• Data entries:
________________________

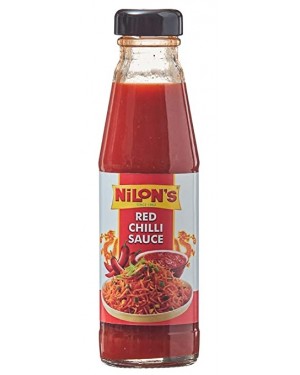 NILON'S RED CHILLI SAUCE 200G 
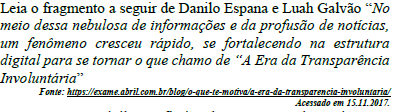 Imagem associada para resolução da questão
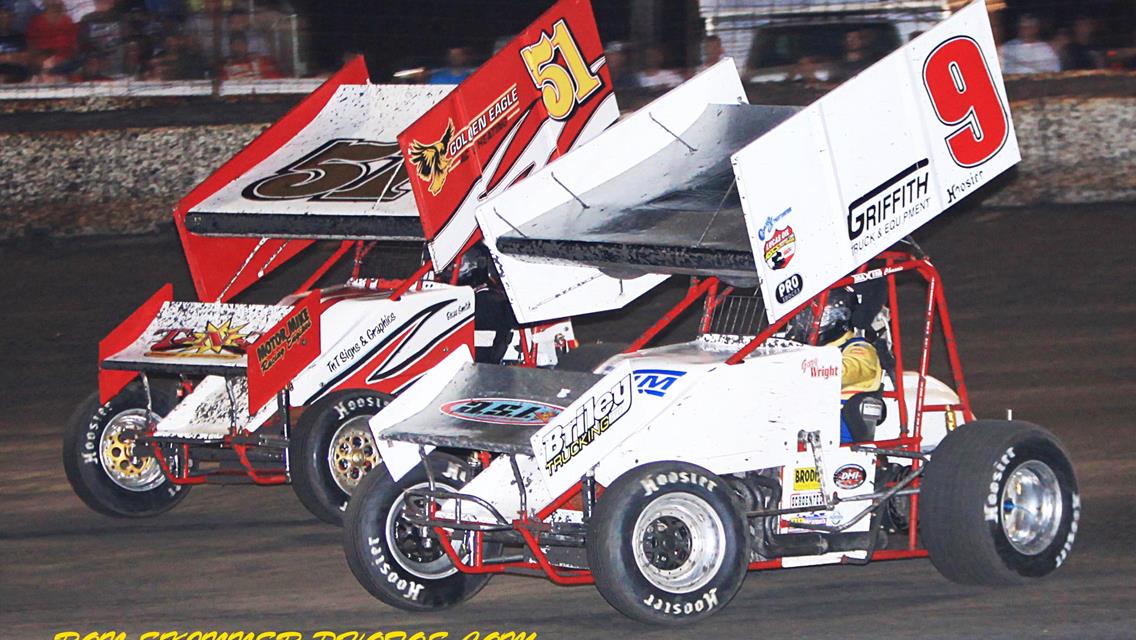 Lucas Oil ASCS Championship Battle heads for the Devil’s Bowl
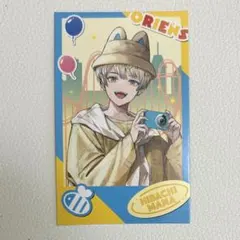 おでかけOriens チェキ風カード 緋八マナ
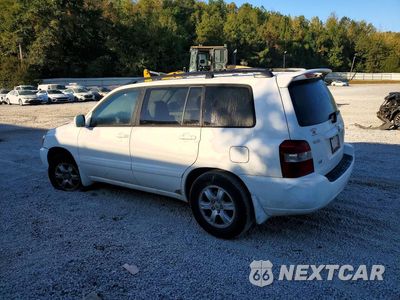 Drugie zdjęcie samochodu z przodu: 2007 TOYOTA HIGHLANDER SPORT VIN:JTEGP21A870148223 - miniatura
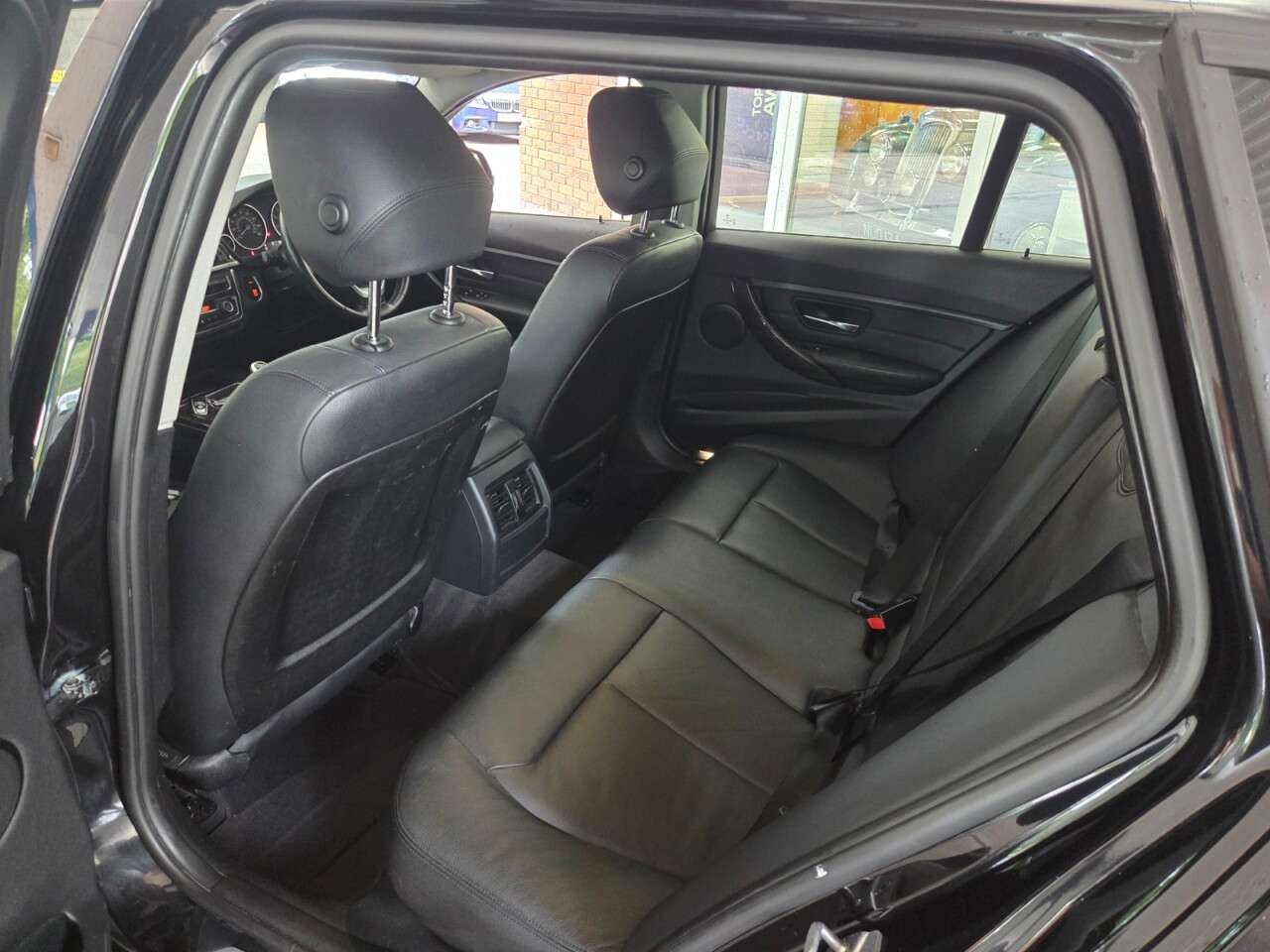 2013 BMW 3 SERIES 2013 BMW 3 SERIES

________________________

• Instructions for the task:
No pictures should appear in the copy. Reproduce exactly the lines from the line containing "おでかけOriens チェキ風カード 緋八マナ" through the last line of the data, inclusive.

• Task output:
 おでかけOriens チェキ風カード 緋八マナ
 Drugie zdjęcie samochodu z przodu: 2007 TOYOTA HIGHLANDER SPORT VIN:JTEGP21A870148223 - miniatura
 2013 BMW 3 SERIES 2013 BMW 3 SERIES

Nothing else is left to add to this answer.